Guiding a proposal from bid to win can often feel like playing a game of poker. The stakes are high, yet you can’t choose when the RFP will drop, or how much time you have to respond, or who you will bid against – that is all just the luck of the draw. You can, however, choose how you play your hand - and how you play your hand is how today’s proposals are won or lost.
How do you put the odds in your team’s favor? Let’s explore how to position your team for the win.
In the game of poker, stacking the deck, or locating specific cards and using an overhand shuffle to place them on the top of the deck, is against the rules. In the proposal game, however, stacking the deck is your goal.
For example, your opportunity assets, such as customer information and intelligence, have been located by your sales team. Yet, often times, a gap lies between sales and proposal teams which thwarts the placing of those assets where your proposal team can easily access them.
Your opportunity assets are critical to writing a winning proposal; they justify your bid decision, define your win strategy, and support your writing tactics. Using technology to automatically bridge this gap stacks the deck in your team’s favor. For example, you can skip the manual download and data entry and import opportunity information into your pipeline for instant access.
You can even skip the email and automatically notify your team when an opportunity is under consideration. As the bid and strategy discussion evolves, you can automatically capture and dynamically share updates with your CRM.
By bridging the gap, you automatically share the details your team needs to write to your win strategy. By bridging the gap, you’ll fly through reviews with comments focused on strengthening your proposal, not rewriting it.
The RFP has dropped, and winning proposal teams have two time-saving aces in the hole, two advantages that will influence the win in your favor.

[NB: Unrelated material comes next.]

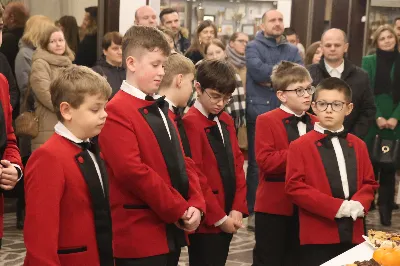 W drugi dzień oktawy Narodzenia Pańskiego o godz. 12.00 w Rzeszowskiej Katedrze została odprawiona uroczysta Eucharystia ku czci św. Szczepana, pierwszego męczennika oraz odbyło się spotkanie opłatkowe Katedralnego Chóru Chłopięco-Męskiego „Pueri Cantores Resovienses”. Eucharystii przewodniczył bp Edward Białogłowski – biskupa pomocniczy senior, a w koncelebrze uczestniczyli ks. Krzysztof Gołąbek – prepozyt kapituły katedralnej i proboszcz Katedry oraz ks. Paweł Matuszewski – notariusz rzeszowskiej Kurii. Kolędy podczas liturgii wykonał Katedralny Chór Chłopięco-Męski „Pueri Cantores Resovienses” pod dyrekcją pani Aleksandry Fiołek-Matuszewskiej. Po Eucharystii, w sali papieskiej odbyło się spotkanie opłatkowe katedralnego chóru. Życzenia błogosławieństwa Bożego od Nowonarodzonego Chrystusa złożył bp Edward Białogłowski. W tradycyjnym przełamaniu opłatkiem, oprócz koncelebrujących Mszę Świętą księży, uczestniczyli: pani Aleksandra Fiołek-Matuszewska – dyrygent chóru, pan Ryszard Bieniek – prezes chóru, ks. Julian Wybraniec, duszpasterz chóru z ramienia Biskupa Rzeszowskiego Jana Wątroby, członkowie zarządu chóru oraz rodzice chórzystów. Fot. Patrycja Pelczar Reszko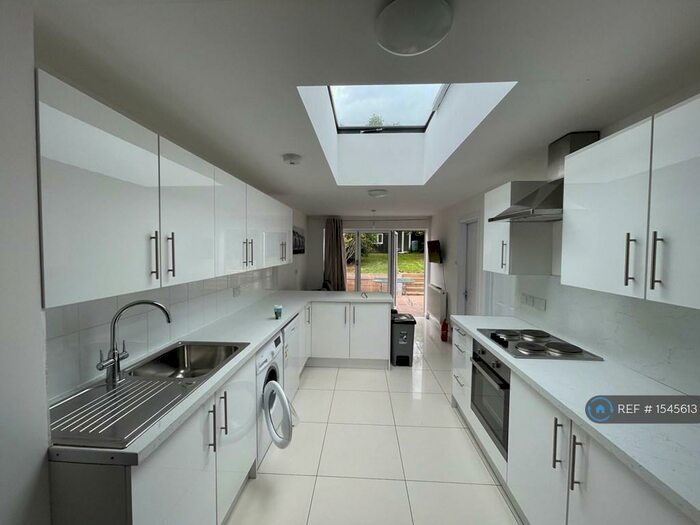 6 Bedroom Semi-Detached House To Rent In Cabell Road, Guildford, GU2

Your content library, complete with reusable answers and comprehensive overviews is your first ace in the hold. Combined with a dynamic search for filtering, sorting, and finding the right content, it's an obvious time-saver. What your team does next, when the content library falls short, is your second ace in the hole.
When the content is lacking or more than a canned answer is required, your team must collaborate on your proposal. With the growth of the distributed workforce, and with remote work on the rise, being able to collaborate online is now critical, no matter where or when your team works.
Online team collaboration, however, is different from email and document management communication. Where online team collaboration promotes a discussion from the center, email and document management communication comes at you from all sides. For example, instead of emailing an expert a list of questions and waiting for a response, you invite the expert to the online document to work with you. Together you discuss and come to consensus, leaving more time on the clock for tailoring the proposal to your specific prospect.
The same is true for proposal reviews. For example, with an online document, reviewers review and comment together and come to consensus in a single document. You will never, ever have to worry about overwriting content and version control or reviewers accidentally commenting on the wrong document version. That also means you skip the "merge" step, the whirlwind of emails and feedback and track changes - when the review is over, your team dives right back into writing.
Any poker player will tell you that 50% of the game is mental. Proposals are no different. In fact, the mental aspect of proposals is the most crucial part of the game because you need to know how to handle short term losses in order to stay focused until the end.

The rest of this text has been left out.